16      Thus, in the similar factual situation of Malone, we addressed and rejected nearly identical arguments to those advanced by the Smaxwells here.  We see no reason why the same logic should not apply here.  Thompson, as a landlord, cannot be held liable under common law negligence grounds for the acts of her tenant Bayard’s dogs. 

17      The Smaxwells argue that despite the aforementioned cases contradicting their cause of action, public policy favors the Pattermann standard for landowner liability in dog bite cases, arguing that “[t]he time has come for all Wisconsin Courts to recognize that dog owners should not be the only parties responsible for protecting citizens from the risks posed by known dangerous animals.”  However, as we have stated so many times in the past, we are bound by the law as it exists; we have no authority to overrule, modify or withdraw language of another court of appeals decision or a supreme court decision.  Malone, 217 Wis. 2d at 759.  We are an error-correcting court; public policy considerations are not for us to determine but are considerations to be addressed by the Wisconsin Supreme Court.  See State v. Schumacher, 144 Wis. 2d 388, 407, 424 N.W.2d 672 (1988). 

CONCLUSION

18      We agree with the circuit court that Thompson’s actions, even if negligent, could not form the basis for liability under Wisconsin law as a landlord cannot be liable under the common law for any injuries caused by a tenant’s dog.  We therefore affirm the summary judgment. 

            By the Court.—Judgment affirmed. 

            Not recommended for publication in the official reports.

 


 

 



[1]  All references to the Wisconsin Statutes are to the 2001-02 version unless otherwise noted.

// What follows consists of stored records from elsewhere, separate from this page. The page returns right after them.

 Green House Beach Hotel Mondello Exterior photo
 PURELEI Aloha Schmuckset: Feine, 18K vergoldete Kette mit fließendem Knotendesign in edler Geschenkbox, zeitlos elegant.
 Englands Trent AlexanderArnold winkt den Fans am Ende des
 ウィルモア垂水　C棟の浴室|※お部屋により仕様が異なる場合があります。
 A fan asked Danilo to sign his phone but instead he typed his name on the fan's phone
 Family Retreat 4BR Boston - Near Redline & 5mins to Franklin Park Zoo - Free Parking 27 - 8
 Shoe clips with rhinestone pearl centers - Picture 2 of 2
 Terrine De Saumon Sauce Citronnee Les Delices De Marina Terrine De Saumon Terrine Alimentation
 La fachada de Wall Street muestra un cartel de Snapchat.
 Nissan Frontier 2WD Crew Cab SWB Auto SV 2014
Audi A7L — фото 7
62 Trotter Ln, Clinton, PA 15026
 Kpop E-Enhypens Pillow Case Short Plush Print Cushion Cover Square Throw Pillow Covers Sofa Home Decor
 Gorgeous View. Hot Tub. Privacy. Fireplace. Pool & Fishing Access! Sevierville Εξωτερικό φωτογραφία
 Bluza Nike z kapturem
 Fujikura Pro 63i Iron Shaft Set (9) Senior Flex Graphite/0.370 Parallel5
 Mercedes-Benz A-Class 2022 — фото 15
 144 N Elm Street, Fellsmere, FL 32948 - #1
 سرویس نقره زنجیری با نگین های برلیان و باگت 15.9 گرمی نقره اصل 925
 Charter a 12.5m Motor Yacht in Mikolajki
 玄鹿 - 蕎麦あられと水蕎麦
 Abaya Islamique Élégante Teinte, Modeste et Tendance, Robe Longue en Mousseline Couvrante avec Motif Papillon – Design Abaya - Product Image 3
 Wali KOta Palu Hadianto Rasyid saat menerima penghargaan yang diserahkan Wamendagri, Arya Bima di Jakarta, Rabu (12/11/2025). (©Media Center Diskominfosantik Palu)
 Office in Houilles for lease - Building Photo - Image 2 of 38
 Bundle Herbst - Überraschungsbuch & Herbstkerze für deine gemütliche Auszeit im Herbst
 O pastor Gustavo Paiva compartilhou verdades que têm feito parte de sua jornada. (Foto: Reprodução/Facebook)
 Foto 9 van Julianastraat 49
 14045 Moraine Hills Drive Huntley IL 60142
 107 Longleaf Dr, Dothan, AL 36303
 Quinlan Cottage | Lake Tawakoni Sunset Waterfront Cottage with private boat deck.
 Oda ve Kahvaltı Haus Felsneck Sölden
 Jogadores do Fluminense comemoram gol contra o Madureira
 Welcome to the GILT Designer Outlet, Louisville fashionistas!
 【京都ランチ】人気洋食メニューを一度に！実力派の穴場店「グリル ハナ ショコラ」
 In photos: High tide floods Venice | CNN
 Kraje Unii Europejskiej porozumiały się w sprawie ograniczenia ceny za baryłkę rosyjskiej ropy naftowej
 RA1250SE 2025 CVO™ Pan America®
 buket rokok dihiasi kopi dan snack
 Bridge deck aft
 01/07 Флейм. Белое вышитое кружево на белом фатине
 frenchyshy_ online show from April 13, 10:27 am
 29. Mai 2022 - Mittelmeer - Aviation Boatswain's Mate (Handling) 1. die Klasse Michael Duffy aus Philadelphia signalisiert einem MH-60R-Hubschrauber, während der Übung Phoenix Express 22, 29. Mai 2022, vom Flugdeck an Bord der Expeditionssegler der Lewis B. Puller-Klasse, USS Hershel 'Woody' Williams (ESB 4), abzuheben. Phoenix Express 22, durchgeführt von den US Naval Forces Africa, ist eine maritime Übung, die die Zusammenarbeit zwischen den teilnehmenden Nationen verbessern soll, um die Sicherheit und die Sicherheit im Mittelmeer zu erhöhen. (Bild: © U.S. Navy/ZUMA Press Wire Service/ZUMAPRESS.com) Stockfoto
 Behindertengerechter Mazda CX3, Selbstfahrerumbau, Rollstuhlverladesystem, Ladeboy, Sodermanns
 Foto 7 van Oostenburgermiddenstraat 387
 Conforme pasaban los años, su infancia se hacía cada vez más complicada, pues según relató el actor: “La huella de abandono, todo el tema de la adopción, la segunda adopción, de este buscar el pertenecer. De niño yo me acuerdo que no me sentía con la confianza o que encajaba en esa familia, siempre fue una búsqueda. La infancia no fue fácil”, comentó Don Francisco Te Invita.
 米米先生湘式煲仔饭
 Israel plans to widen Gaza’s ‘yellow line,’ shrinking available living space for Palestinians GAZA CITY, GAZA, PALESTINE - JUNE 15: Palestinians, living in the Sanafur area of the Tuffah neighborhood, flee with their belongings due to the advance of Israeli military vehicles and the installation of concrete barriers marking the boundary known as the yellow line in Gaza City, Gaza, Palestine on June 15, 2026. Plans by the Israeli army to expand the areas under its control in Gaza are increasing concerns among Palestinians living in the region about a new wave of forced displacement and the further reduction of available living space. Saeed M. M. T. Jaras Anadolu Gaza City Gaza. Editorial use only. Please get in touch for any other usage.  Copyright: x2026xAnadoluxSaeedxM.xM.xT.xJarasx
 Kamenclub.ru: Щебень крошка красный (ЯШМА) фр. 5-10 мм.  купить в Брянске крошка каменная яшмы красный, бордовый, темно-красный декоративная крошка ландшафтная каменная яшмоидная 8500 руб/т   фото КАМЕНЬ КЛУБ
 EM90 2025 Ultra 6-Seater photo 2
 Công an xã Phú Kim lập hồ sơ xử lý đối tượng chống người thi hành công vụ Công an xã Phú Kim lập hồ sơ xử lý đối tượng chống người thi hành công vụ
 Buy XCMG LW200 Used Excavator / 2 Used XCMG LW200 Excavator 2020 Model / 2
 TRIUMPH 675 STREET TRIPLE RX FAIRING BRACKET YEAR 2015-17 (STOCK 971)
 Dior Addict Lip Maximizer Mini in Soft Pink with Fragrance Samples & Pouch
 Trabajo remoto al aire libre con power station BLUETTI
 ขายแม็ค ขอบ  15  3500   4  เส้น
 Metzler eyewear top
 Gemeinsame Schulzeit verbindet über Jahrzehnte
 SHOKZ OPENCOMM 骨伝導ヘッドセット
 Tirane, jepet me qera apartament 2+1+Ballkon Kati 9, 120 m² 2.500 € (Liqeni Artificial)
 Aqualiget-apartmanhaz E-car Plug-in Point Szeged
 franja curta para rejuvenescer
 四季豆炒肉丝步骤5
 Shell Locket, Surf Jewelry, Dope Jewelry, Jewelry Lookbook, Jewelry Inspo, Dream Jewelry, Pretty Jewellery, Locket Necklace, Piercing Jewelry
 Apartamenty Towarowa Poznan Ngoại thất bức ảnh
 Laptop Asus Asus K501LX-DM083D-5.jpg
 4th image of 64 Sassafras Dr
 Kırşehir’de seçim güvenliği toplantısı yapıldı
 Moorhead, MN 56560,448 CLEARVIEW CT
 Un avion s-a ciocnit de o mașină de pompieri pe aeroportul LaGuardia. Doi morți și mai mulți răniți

[2]  The Smaxwells also argue that we “failed to effectively distinguish Pattermann” in Malone.  While we, of course, disagree with this conclusion, Malone remains a valid, unreversed opinion and we have no authority to overrule, modify or withdraw language from our previous decisions.  Cook v. Cook, 208 Wis. 2d 166, 185-90, 560 N.W.2d 246 (1997).